Most folks planning to build a wooden stock for angled spotting scope use will want to modify the design shown above to fit their own physique and ideas. But for anyone wanting an accurate copy of the one shown as a starting point, I can send you a paper with stock outline traced around my cardboard template. Just use Birdforum PM to send me a personal message and I’ll send a return PM with my mailing address. Then you can send me a SASE and I will use it to mail the traced outline back to you. -Bill
Hi Bill,

For relatively low power (12-24x), wide field scope viewing, a simple shoulder stock holding a small spotting scope can be a good option.

Beautiful shoulder stock, thanks a lot for sharing!

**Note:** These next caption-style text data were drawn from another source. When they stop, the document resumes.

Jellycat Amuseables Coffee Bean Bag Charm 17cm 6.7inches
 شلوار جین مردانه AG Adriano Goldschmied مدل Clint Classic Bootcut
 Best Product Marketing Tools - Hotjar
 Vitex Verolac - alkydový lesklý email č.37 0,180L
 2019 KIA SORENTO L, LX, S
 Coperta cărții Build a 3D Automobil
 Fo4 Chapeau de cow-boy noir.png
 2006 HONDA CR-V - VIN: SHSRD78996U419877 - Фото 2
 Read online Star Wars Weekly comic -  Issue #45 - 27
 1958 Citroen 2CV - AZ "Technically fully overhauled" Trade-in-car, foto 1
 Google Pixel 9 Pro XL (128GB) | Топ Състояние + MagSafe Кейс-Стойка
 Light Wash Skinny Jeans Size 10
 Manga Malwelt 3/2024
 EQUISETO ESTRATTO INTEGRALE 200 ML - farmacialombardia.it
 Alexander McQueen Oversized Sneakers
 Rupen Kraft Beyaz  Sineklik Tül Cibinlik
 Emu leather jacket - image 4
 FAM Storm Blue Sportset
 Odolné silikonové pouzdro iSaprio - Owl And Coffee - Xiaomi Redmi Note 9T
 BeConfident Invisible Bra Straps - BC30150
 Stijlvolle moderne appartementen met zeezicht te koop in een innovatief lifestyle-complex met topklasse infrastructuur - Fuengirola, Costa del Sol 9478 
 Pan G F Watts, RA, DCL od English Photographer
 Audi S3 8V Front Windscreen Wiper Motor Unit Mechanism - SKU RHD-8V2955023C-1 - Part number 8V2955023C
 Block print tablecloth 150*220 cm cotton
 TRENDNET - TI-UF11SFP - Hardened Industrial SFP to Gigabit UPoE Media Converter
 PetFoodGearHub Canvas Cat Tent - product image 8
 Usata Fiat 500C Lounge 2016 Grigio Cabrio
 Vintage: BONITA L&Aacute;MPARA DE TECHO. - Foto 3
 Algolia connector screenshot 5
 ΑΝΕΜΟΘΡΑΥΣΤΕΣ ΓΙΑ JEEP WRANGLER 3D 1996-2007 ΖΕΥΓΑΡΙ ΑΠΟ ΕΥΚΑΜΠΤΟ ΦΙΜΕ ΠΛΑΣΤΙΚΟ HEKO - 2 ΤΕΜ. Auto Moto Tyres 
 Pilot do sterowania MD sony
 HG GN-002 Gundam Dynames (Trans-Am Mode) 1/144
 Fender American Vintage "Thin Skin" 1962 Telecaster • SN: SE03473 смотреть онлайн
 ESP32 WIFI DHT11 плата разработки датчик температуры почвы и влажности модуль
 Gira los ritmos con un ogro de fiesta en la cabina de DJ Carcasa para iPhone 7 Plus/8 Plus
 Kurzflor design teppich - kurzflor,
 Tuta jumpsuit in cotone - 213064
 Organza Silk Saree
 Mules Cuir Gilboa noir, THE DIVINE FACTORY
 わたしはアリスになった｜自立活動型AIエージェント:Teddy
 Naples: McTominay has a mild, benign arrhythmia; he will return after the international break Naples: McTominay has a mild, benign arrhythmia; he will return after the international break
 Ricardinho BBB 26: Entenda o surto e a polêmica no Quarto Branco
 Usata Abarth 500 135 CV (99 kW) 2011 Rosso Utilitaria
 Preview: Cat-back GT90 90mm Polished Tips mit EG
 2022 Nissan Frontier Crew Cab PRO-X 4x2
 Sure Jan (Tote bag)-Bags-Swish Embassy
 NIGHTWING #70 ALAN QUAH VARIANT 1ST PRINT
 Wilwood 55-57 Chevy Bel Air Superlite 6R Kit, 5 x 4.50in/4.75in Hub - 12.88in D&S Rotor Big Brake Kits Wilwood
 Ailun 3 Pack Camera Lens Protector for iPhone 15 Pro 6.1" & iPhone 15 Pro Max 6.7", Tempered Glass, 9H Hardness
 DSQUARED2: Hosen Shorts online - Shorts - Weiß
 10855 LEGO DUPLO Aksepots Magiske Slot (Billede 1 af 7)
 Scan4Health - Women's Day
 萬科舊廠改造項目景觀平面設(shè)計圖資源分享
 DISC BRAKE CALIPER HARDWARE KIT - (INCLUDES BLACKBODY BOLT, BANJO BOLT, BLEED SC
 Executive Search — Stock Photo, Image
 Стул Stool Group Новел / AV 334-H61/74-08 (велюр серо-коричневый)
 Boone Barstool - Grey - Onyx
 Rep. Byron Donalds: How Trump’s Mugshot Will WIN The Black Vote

I fully agree that angled scopes can be used quite well with a shoulder stock. I made a much less refined shoulder stock from 3D printed parts, and since it was adjustable, I could try it with both the straight and the angled Nikon ED50, and actually thought the angled version had better ergonomics.

I can also confirm the value of the strap for stabilizing the scope even further, which is a technique I learned about here on birdforum.

I've recently uploaded my shoulder stock here:


I found that setting up the scope with a small lateral angle in relation to the shoulder stock improves ease of use. That might be a result of my simplistic design of the stock, which doesn't provide a support for the forward hand as your stock does.

Great idea to include rings for attaching the strap in the stock design ... I had to improvise when I tried to test my rig with the strap as the Nikon case, while having rings, is not a stay-on case as it fully covers the objective lens.